» Requirement
Copy the lines below exactly. No picture goes into the copy.

» Data excerpt
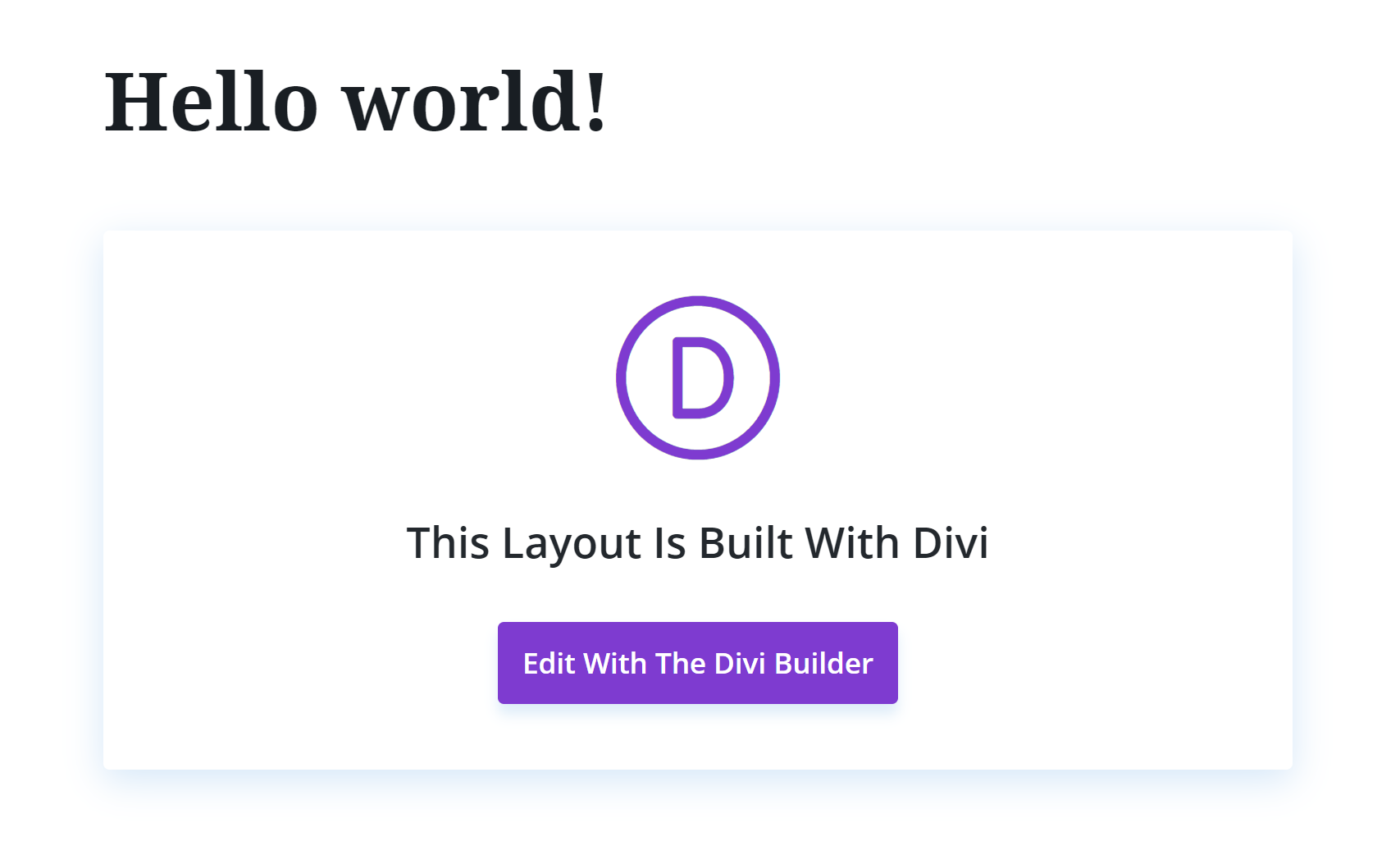 Edit with Divi Builder
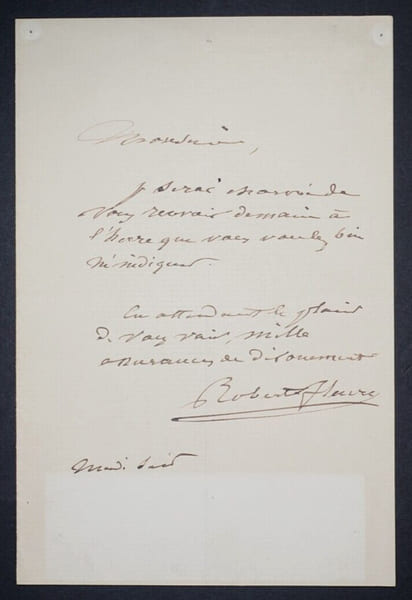 Tony ROBERT-FLEURY Peintre- LETTRE AUTOGRAPHE SIGN&Eacute;E, INVITATION. Tony ROBERT-FLEURY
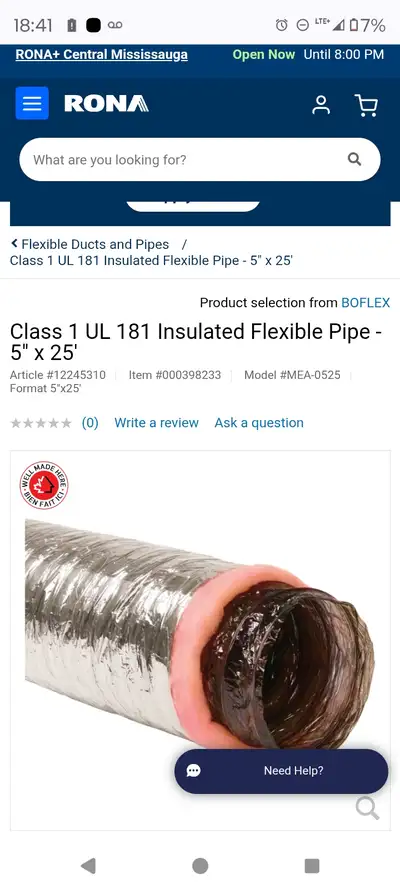 5 inch insulated flex , View more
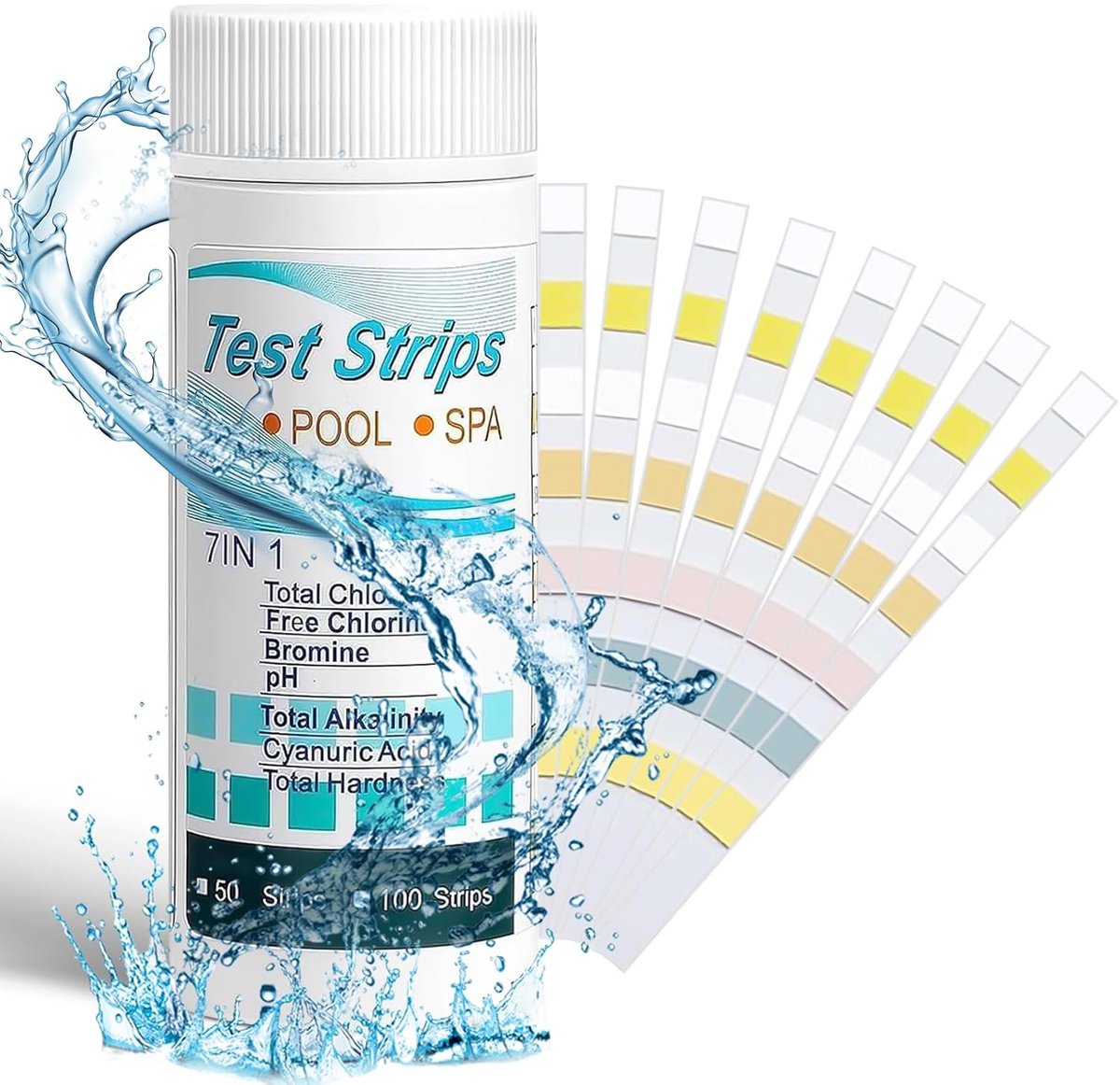 Teststrips zwembad 100 stuks - 7-in-1 - meten pH, chloor, alkaliteit - eenvoudig water testen - ShopVlot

» Task answer
 Edit with Divi Builder
 Tony ROBERT-FLEURY Peintre- LETTRE AUTOGRAPHE SIGN&Eacute;E, INVITATION. Tony ROBERT-FLEURY
 5 inch insulated flex , View more
 Teststrips zwembad 100 stuks - 7-in-1 - meten pH, chloor, alkaliteit - eenvoudig water testen - ShopVlot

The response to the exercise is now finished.